Durante la escucha debemos superar un gran reto ya que pensamos más rápido que hablamos. Todos pensamos entre 350 y 700 palabras por minuto. Por otra parte, cuando hablamos sólo somos capaces de pronunciar entre 130 y 150 palabras por minuto. En consecuencia, cuando estamos escuchando, recibimos entre 130 y 150 palabras por minuto que nos transmite nuestro interlocutor frente a las 350 y 700 palabras que podemos llegar a pensar. Procesamos mentalmente mucha más información que aquella información que llegamos a escuchar. Por ello, pensamos más rápido que escuchamos.

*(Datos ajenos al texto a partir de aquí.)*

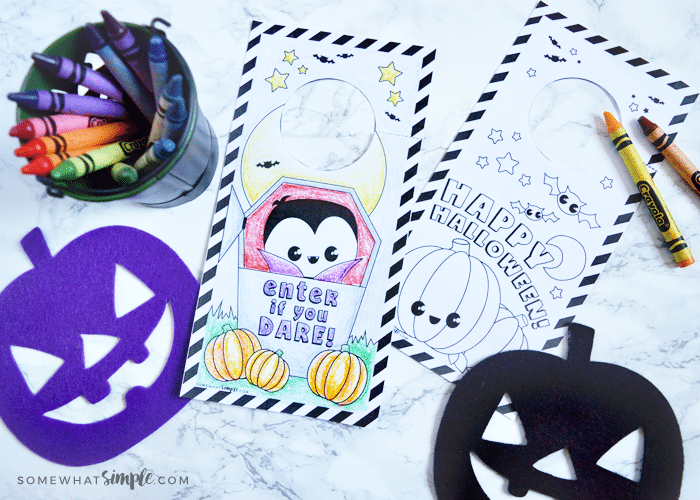 halloween door hangers printable coloring page from somewhat simple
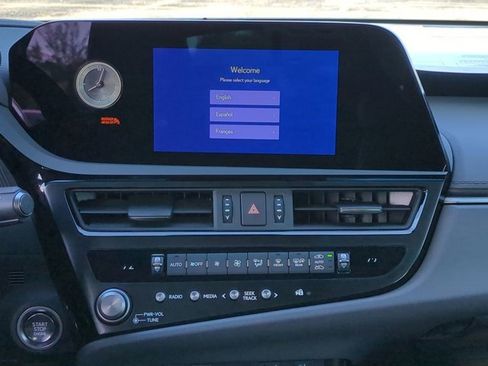 New 2025 Lexus ES 350 350 image 17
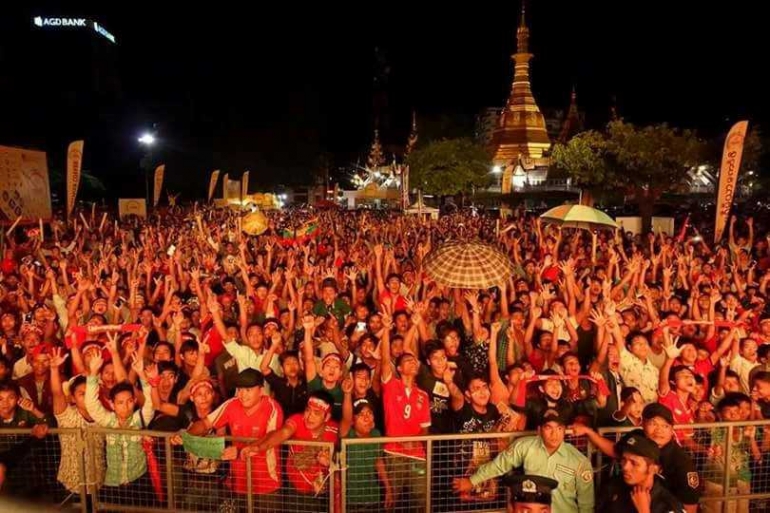 (Fanatisme suporter Myanmar/sumber foto dilansir dari news.zing.vn)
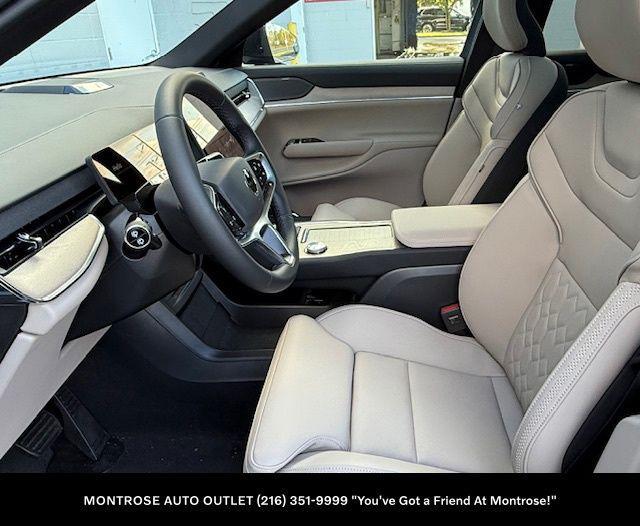 new 2025 Volvo EX90 car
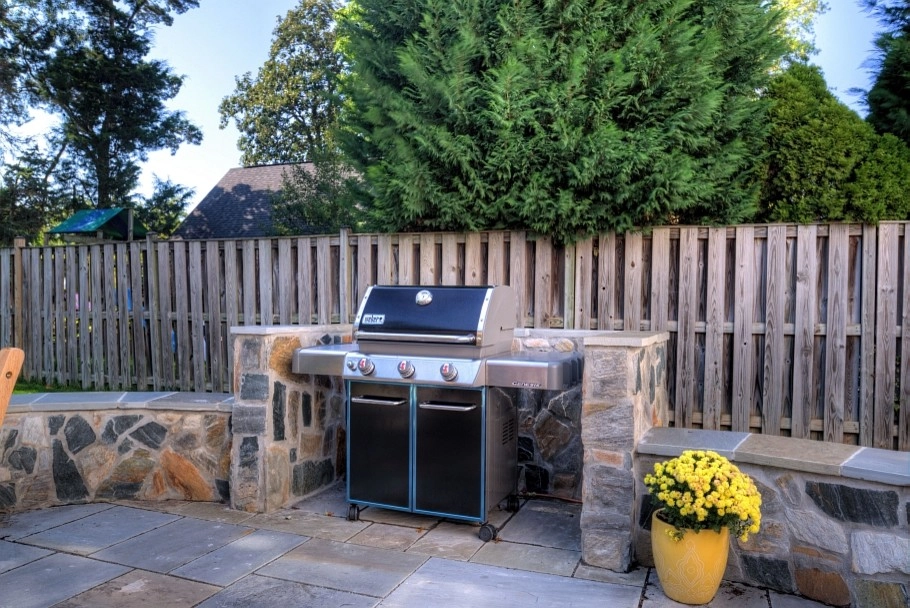 Outdoor kitchen and flagstone patio by Classic Stonescaping & Gardens - Photo 2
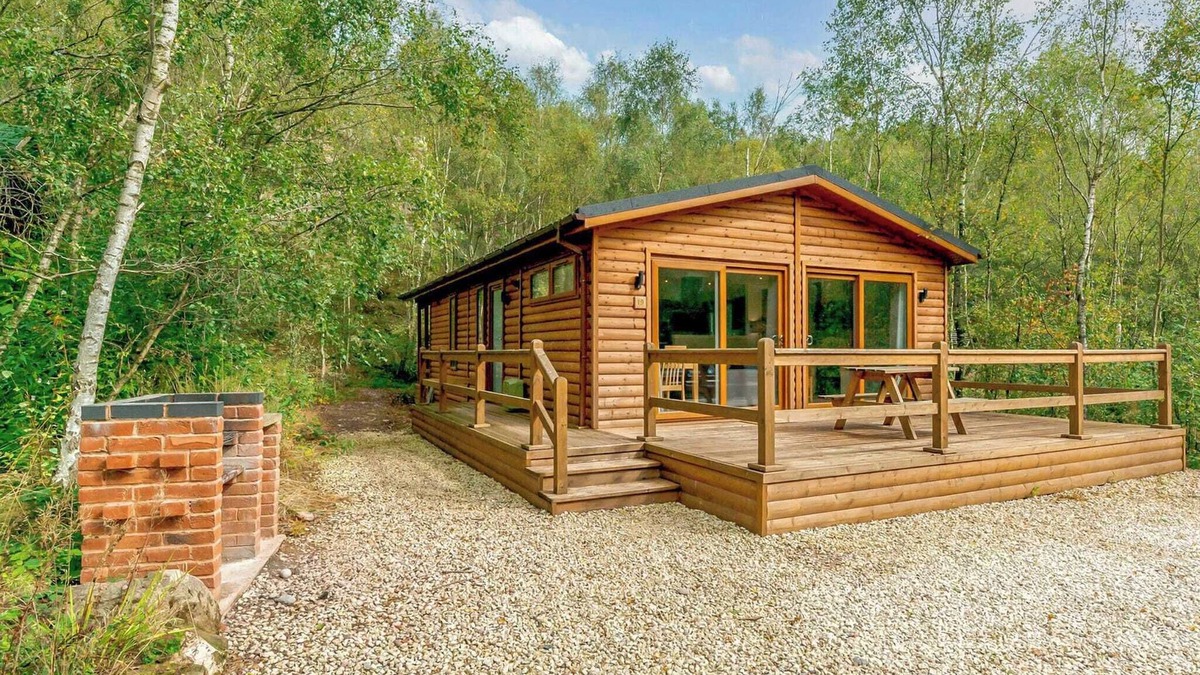 Freehay Ski Chalet | 2 bedroom accommodation in Freehay, Cheadle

Pensar más rápido que escuchar puede provocar distracciones, pérdida de atención y hasta desconexiones de la conversación. Podemos comenzar a pensar en otras cuestiones no relacionadas con el discurso de nuestro interlocutor. Emociones y sentimientos independientes del mensaje que escuchamos pueden invadir nuestra mente.

Para superar este gran reto, debemos realizar un esfuerzo mental superior e incrementar nuestra capacidad de prestar atención. Porque ocupando nuestra capacidad ociosa de pensamiento concentrándonos en el mensaje, en las ideas principales del discurso, en el lenguaje corporal y en el tono de la voz, evitaremos distracciones durante el diálogo con nuestro paciente.